◆ **Action item**: The records that follow must be repeated exactly, line by line.

*** Provided entries ***

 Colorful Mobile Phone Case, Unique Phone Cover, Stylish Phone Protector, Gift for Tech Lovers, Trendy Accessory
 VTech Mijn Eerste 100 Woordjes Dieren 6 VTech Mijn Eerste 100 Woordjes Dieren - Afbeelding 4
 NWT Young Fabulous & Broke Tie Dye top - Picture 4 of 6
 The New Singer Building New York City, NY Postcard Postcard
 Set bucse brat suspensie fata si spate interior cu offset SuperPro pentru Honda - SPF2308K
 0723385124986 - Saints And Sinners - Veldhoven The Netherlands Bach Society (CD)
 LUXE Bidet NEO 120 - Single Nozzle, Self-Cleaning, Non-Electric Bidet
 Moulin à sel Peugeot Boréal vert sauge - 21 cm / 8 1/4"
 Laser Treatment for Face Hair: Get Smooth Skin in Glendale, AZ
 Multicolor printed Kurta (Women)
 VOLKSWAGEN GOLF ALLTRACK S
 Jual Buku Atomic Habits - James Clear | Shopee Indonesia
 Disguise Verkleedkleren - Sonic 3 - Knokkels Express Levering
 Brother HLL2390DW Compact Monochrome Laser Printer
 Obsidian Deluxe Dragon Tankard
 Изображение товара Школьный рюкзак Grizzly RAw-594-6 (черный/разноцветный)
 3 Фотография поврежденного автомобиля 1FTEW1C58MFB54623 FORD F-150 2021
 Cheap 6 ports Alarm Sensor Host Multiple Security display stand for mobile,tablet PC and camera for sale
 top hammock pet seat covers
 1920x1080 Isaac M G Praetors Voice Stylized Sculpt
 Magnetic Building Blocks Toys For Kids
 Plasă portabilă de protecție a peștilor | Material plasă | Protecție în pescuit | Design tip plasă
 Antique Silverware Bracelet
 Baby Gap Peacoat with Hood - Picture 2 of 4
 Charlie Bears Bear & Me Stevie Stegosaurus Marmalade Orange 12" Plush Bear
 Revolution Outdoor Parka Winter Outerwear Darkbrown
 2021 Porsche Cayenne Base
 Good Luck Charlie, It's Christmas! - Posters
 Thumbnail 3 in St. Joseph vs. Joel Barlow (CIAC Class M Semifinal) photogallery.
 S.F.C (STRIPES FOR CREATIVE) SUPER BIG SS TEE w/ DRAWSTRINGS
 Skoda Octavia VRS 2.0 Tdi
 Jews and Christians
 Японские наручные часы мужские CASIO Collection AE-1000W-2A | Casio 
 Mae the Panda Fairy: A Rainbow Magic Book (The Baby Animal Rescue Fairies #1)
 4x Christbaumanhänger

*** End of Provided entries ***

◆ **Result of this task**:
 Colorful Mobile Phone Case, Unique Phone Cover, Stylish Phone Protector, Gift for Tech Lovers, Trendy Accessory
 VTech Mijn Eerste 100 Woordjes Dieren 6 VTech Mijn Eerste 100 Woordjes Dieren - Afbeelding 4
 NWT Young Fabulous & Broke Tie Dye top - Picture 4 of 6
 The New Singer Building New York City, NY Postcard Postcard
 Set bucse brat suspensie fata si spate interior cu offset SuperPro pentru Honda - SPF2308K
 0723385124986 - Saints And Sinners - Veldhoven The Netherlands Bach Society (CD)
 LUXE Bidet NEO 120 - Single Nozzle, Self-Cleaning, Non-Electric Bidet
 Moulin à sel Peugeot Boréal vert sauge - 21 cm / 8 1/4"
 Laser Treatment for Face Hair: Get Smooth Skin in Glendale, AZ
 Multicolor printed Kurta (Women)
 VOLKSWAGEN GOLF ALLTRACK S
 Jual Buku Atomic Habits - James Clear | Shopee Indonesia
 Disguise Verkleedkleren - Sonic 3 - Knokkels Express Levering
 Brother HLL2390DW Compact Monochrome Laser Printer
 Obsidian Deluxe Dragon Tankard
 Изображение товара Школьный рюкзак Grizzly RAw-594-6 (черный/разноцветный)
 3 Фотография поврежденного автомобиля 1FTEW1C58MFB54623 FORD F-150 2021
 Cheap 6 ports Alarm Sensor Host Multiple Security display stand for mobile,tablet PC and camera for sale
 top hammock pet seat covers
 1920x1080 Isaac M G Praetors Voice Stylized Sculpt
 Magnetic Building Blocks Toys For Kids
 Plasă portabilă de protecție a peștilor | Material plasă | Protecție în pescuit | Design tip plasă
 Antique Silverware Bracelet
 Baby Gap Peacoat with Hood - Picture 2 of 4
 Charlie Bears Bear & Me Stevie Stegosaurus Marmalade Orange 12" Plush Bear
 Revolution Outdoor Parka Winter Outerwear Darkbrown
 2021 Porsche Cayenne Base
 Good Luck Charlie, It's Christmas! - Posters
 Thumbnail 3 in St. Joseph vs. Joel Barlow (CIAC Class M Semifinal) photogallery.
 S.F.C (STRIPES FOR CREATIVE) SUPER BIG SS TEE w/ DRAWSTRINGS
 Skoda Octavia VRS 2.0 Tdi
 Jews and Christians
 Японские наручные часы мужские CASIO Collection AE-1000W-2A | Casio 
 Mae the Panda Fairy: A Rainbow Magic Book (The Baby Animal Rescue Fairies #1)
 4x Christbaumanhänger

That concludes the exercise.